Depuis 2021, le gouvernement ivoirien accélère sa politique de travaux publics routiers et autoroutiers. Secteur privilégié depuis 2011, le BTP routier est toujours au centre de la stratégie de développement ivoirienne. Le Plan national de développement (PND) 2021-2025, dévoilé le 15 juin dernier, entend le maintenir dans ses priorités. Etat des lieux.
Avec plus de 82 000 kilomètres de routes, dont 7 500 km bitumées et près de 250 km autoroutières, la Côte d'Ivoire dispose du réseau le plus dense d'Afrique de l'Ouest. A lui seul, le pays concentre 50% des routes de l'Union économique et monétaire ouest-africaine.
Un réseau routier dense et entretenu porte des enjeux logistiques et économiques lourds. C'est un prérequis catégorique pour fluidifier les mobilités internes ou avec l'étranger proche. L'objectif final recherché étant de créer des conditions favorables pour attirer investissements et entreprises. Une réalité qui semble avoir été prise en compte de manière précoce par le président Ouattara.
Entamée en 2012, la politique de grands travaux routiers s'est matérialisée au sein des grands programmes de développement qui ont marqué la décennie 2010 : le programme de renaissance des infrastructures (PRICI), le programme d'Entretien routier 2018-2020 ou bien les PND 2016-2020 et 2021-2025. Elle semble connaître une accélération depuis 2021.
Un blanc manteau autoroutier
Abidjan affiche des objectifs ambitieux. Le gouvernement vise la construction de 1 500 km d'autoroutes à l'horizon 2030, dont 500 km d'ici 2023. La modernisation du reste du réseau routier devrait aussi s'accélérer pour atteindre les 9 500 km de voies goudronnées d'ici la fin de l'année prochaine. Plusieurs projets sont venus concrétiser cette vision.

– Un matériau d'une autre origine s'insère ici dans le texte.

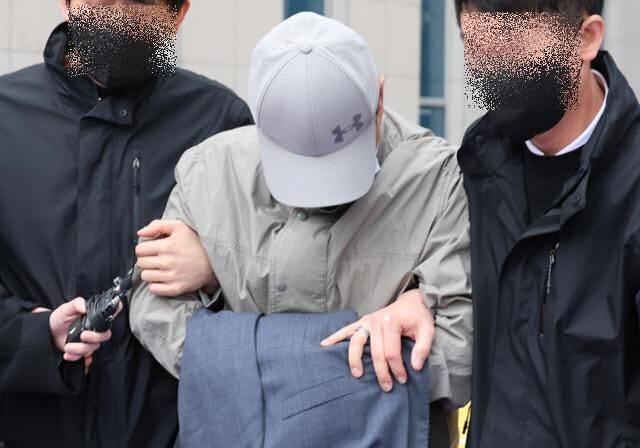 식당 공용 화장실에 불법 카메라를 설치한 충북교육청 장학관이 1일 청주지법에서 영장실질심사를 받은 뒤 호송차에 오르고 있다. (사진=연합뉴스)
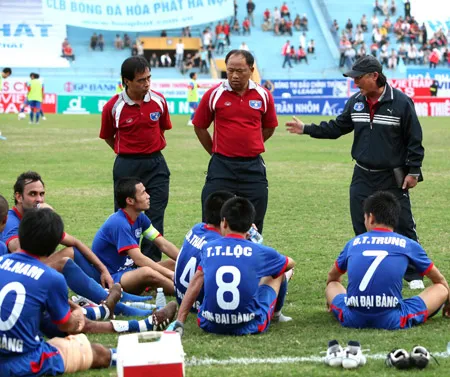 Petro Vietnam Gas V-League 2010: “cối xay” chuyển động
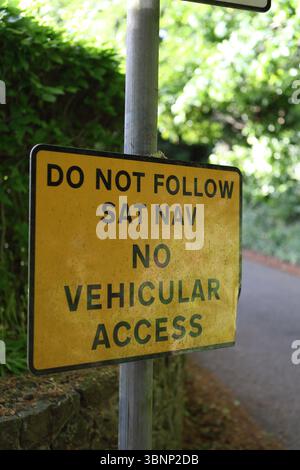 Sat Nav sign Do not follow Sat nav no vehicular access problems with ...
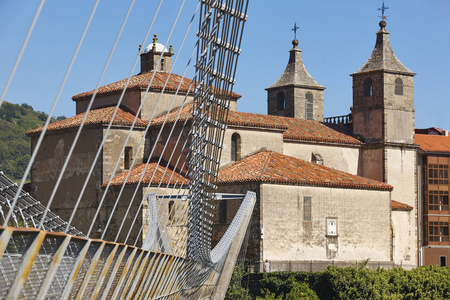 巴洛克式的教会与现代桥梁。坎加斯 del 卡格斯, 阿斯图里亚斯。西班牙
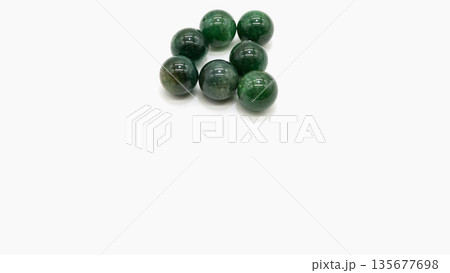 アベンチュリン ビーズ マクロ撮影 白背景 135677698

On peut ainsi citer le programme de construction et de réhabilitation de l'autoroute « La Côtière » (370 km). Lancée en 2020, elle doit relier Abidjan à la ville portuaire de San Pedro à l'ouest du pays. Plus récemment, en mai 2022, le président Alassane Ouattara officialisait la participation de la Côte d'ivoire au grand projet d'autoroute devant relier Abidjan à Lomé, via le Ghana. Un projet ayant reçu le soutien, et le financement (15,6 milliards de dollars), de la Banque africaine de développement (BAD).
D'autres plans sont à l'étude au sein du ministère de l'Equipement et de l'entretien routier. L'autoroute du nord pourrait être prolongée de 250 km afin de relier la ville de Bouaké à Ouagadougou, capitale du Burkina-Faso. Un autre axe, à l'est, qui relierait notamment les villes de Doropo et Bouna, serait aussi envisagé. L'idée sous-jacente est donc de relier les grandes agglomérations nationales, ainsi que les capitales voisines.
A noter que la construction de l'axe Yamoussoukro-Tiébissou-Bouaké devrait être achevée d'ici la fin de l'année 2022.
La problématique du financement
En 2022, le budget du ministère de l'Equipement et de l'Entretien routier a été rehaussé à plus d'un milliard d'euros ; contre 950 millions en 2021. Il n'en demeure pas moins que la construction ou la réfection des routes représente un coût élevé pour l'Etat ivoirien. Ainsi selon le ministre Amédé Koffi Kouakou, la bétonisation d'un kilomètre de route coûterait autour de 1 500 000 euros (Un milliard FCFA), et le double pour un kilomètre d'autoroute. Cela sans compter les 150 millions d'euros de coûts d'entretiens par an, pour l'ensemble du réseau.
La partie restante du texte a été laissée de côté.